I'd also like to point out that we liberals are making nary a peep about our party passing really crappy legislation that will almost certainly come back to haunt us at the polls, the anti-abortion Dems will certainly be making hay and getting all kinds of goodies from the leadership. I'm sure our subservience will be rewarded in Heaven.

Now that we have 59 seats in the Senate and our year of a "filibuster-proof majority" has been revealed to be the joke that it is, can we please, please, please not keep the dream alive by shopping around for Republican votes to try to buy? It's over. How about we write bills that actually reflect Democratic values and have the Republicans (and Lieberman) vote "No" to every single bill? Let's schedule a vote-a-day and have them vote "No" on these things. Then we can go to the American people and say "This is what we stand for. This is what the Republicans stand against." Instead, we stand for compromise above else. We specialize in the art of the (unsuccessful) deal. We will sell out anything for a vote. We stand in the middle of the road and wonder why we keep getting run over.

The Democratic leadership sold out most of everything the liberal base believes in to get a deal and it didn't work. Now we have to go out and run on the "we tried to pass a muddled piece of shit that would likely have been a colossal failure, but we tried!" platform.

Lieberman needs to lose his chairmanships now. Reid is obviously incompetent as Senate President. We still have a large majority of the House and Senate and we can build on that, but we need to build from a solid base that reflects the parties values, not from a place where we will compromise on everything to win a few votes.
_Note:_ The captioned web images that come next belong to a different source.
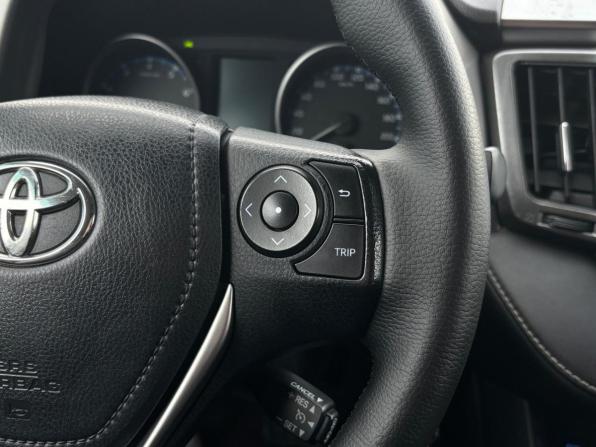 Toyota RAV4 IV (XA40) Рестайлинг с пробегом 2016 года, цена 2 550 000 рублей, 127112 км, внедорожник, Автокод Объявления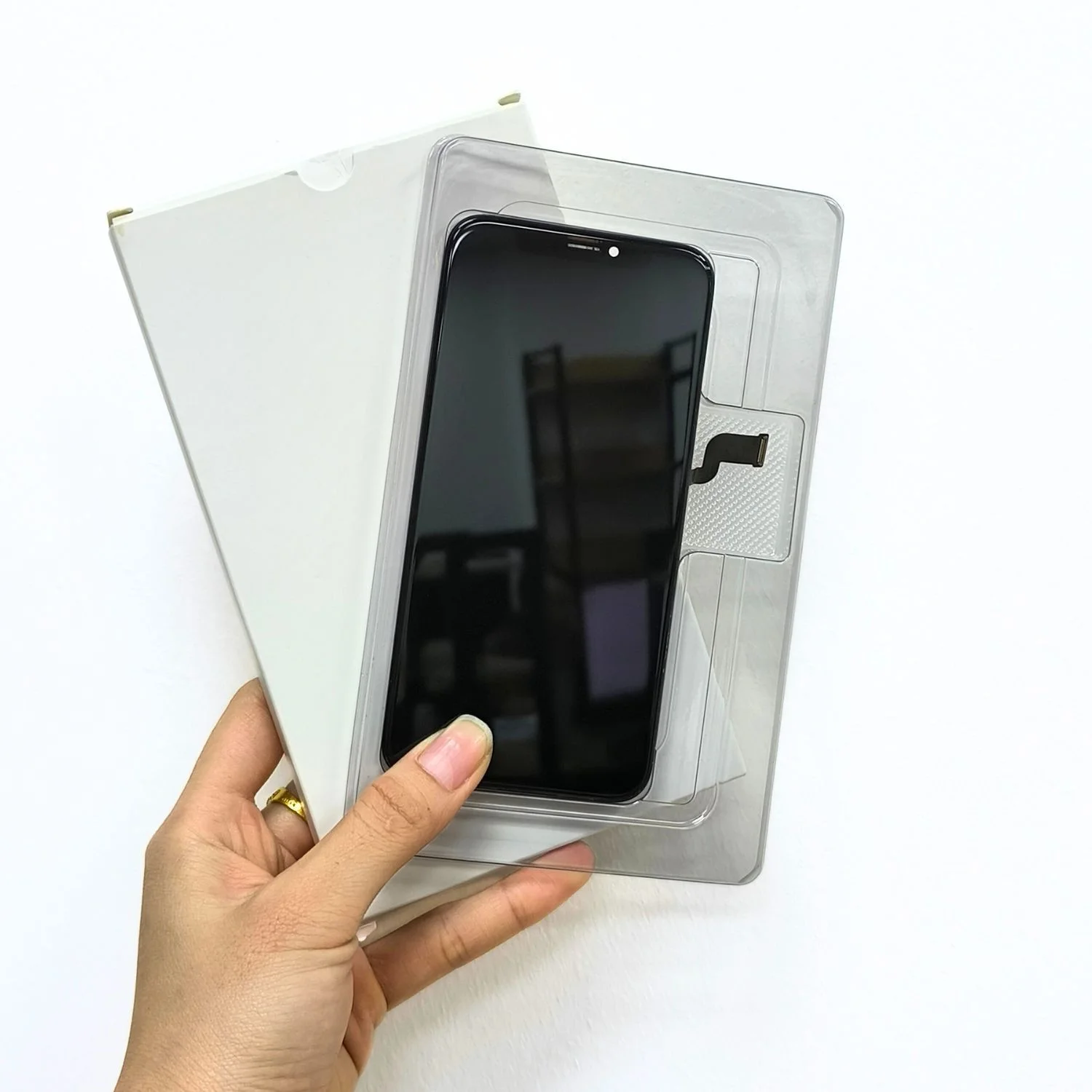 thay-man-hinh-iphone-xs-slide6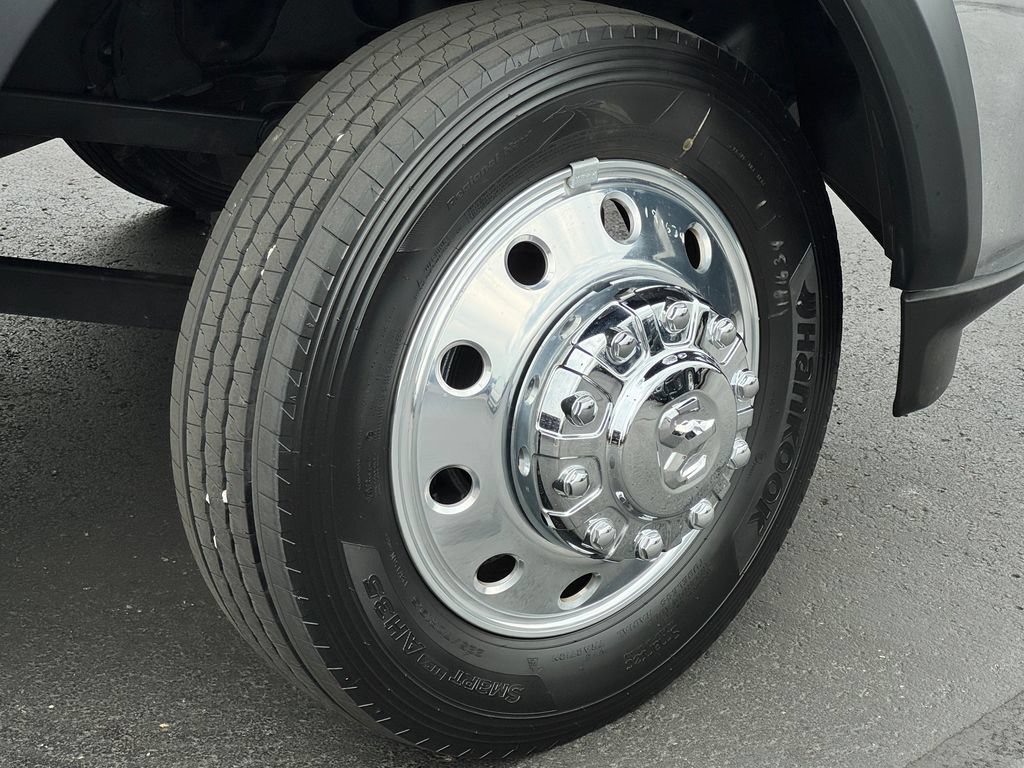 Used 2022 RAM 5500 Tradesman w/ Chrome Appearance Group RWD image 10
If it is our duty to govern, then we need to govern from our principles. We need to show the American people that we have ideas that appeal to them. We need show them that it is the Republicans that block good things from happening. We are going to lose the mid-term elections in a big way unless we give the American people something to vote for that they actually want. They do not want this health care bill. We will not lose the mid-term because we failed to pass an unpopular health care bill, we will lose the mid-terms if we make it the only thing that the Democrats stand for.